The Management Console is a user-friendly front-end interface built on top of the any inference engine (Doubleword, vLLM, SGLang). It provides a single pane of glass for managing, deploying, and monitoring AI models across your entire deployment infrastructure. This document outlines the key features and functionalities of the Management Console, organized by its main panels and sections. The management console sits in front of all of your Doubleword Clusters whether that's multiple clusters running in one environment, or clusters running in a multi-cloud environment or split across cloud infrastructures and on-premise.

Deployment Overview​

Management Console Overview

The Deployment Overview page offers a high-level summary of all active deployments, providing visibility into the deployment landscape. This single view of all deployments simplifies management and oversight, making it easier to track progress and performance. If you are interested in learning more about a specific model deployment you can simply click into the “View Details Section".

Deployment Details​

Deployment Details

The Deployment Details Page offers comprehensive insights into specific deployments, showcasing configuration settings and high-level performance metrics. Administrators can efficiently manage deployments by scaling them up or down, or stopping them entirely as needed. Additionally, the Playground tab allows for model testing, ensuring that expected outputs are achieved before providing the API to downstream users for application development.

Metrics​

Metrics

This page also features model-level metrics, such as the total number of requests and average latency, enabling administrators to gauge model traffic effectively. The metrics on this page can be customized to include any of the 70+ metrics we capture from our Prometheus server. The activity tab maintains a detailed record of deployment history, capturing information on who deployed the model and when, as well as any scaling actions taken.

Approved Model Hub​

Model Hub

The Model Hub serves as a centralized repository for available models, facilitating easy access and deployment. This repository can be simply integrated to existing model repositories such as Huggingface, Weights & Biases or other upstream systems that may exist in the organizations. Users can search and filter models by source, task, industry, and language, enhancing discoverability and selection efficiency. When a downstream user requires a new model for their application, administrators can utilize the one-click deployment button to quickly select the necessary details, enabling a model to be up and running in just minutes.

Model Deployment​

New Deployment

The Model Deployment Panel facilitates the configuration of model deployment settings, allowing users to tailor their deployments to meet specific project needs.

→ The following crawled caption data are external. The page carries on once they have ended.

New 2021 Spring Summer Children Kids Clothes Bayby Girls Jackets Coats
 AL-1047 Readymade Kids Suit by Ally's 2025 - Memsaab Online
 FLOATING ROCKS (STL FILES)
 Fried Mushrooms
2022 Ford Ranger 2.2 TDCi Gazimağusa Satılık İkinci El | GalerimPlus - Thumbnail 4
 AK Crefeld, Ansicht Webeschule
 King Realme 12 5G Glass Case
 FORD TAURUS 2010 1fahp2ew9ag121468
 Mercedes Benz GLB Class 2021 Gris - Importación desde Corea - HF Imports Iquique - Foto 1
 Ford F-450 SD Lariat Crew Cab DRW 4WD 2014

Key elements include: Model Information: Displays essential details such as parameters and quantization type, ensuring users have the necessary context for their deployment. Project Name and Cluster Selection: Users can easily assign a project name and select the appropriate cluster for deployment, streamlining the setup process. Hardware Type: The option to choose hardware with built in control to ensure you are deploying a model on a machine with enough RAM. You can deploy a model on any GPU (e.g. Nvidia, AMD, Intel etc.) or CPU.
Replica Management: Administrators can define minimum and maximum replicas, enabling efficient resource allocation and scalability. Advanced Options: Features like "Scale to Zero" and "Deploy with LoRA" provide flexibility in deployment strategies.

Once your model is deployed you will be redirected to the Deployment Overview to see this new deployment alongside other models.

Cluster Analytics​

Cluster Analytics

The Cluster Analytics panel provides summarized insights into the performance and health of all deployed models. This page provides an administrator with understanding of usage patterns allowing better allocation of resources, leading to cost savings and improved operational efficiency. Similar to the model metrics page, this page can be customized to metrics that matter to your business.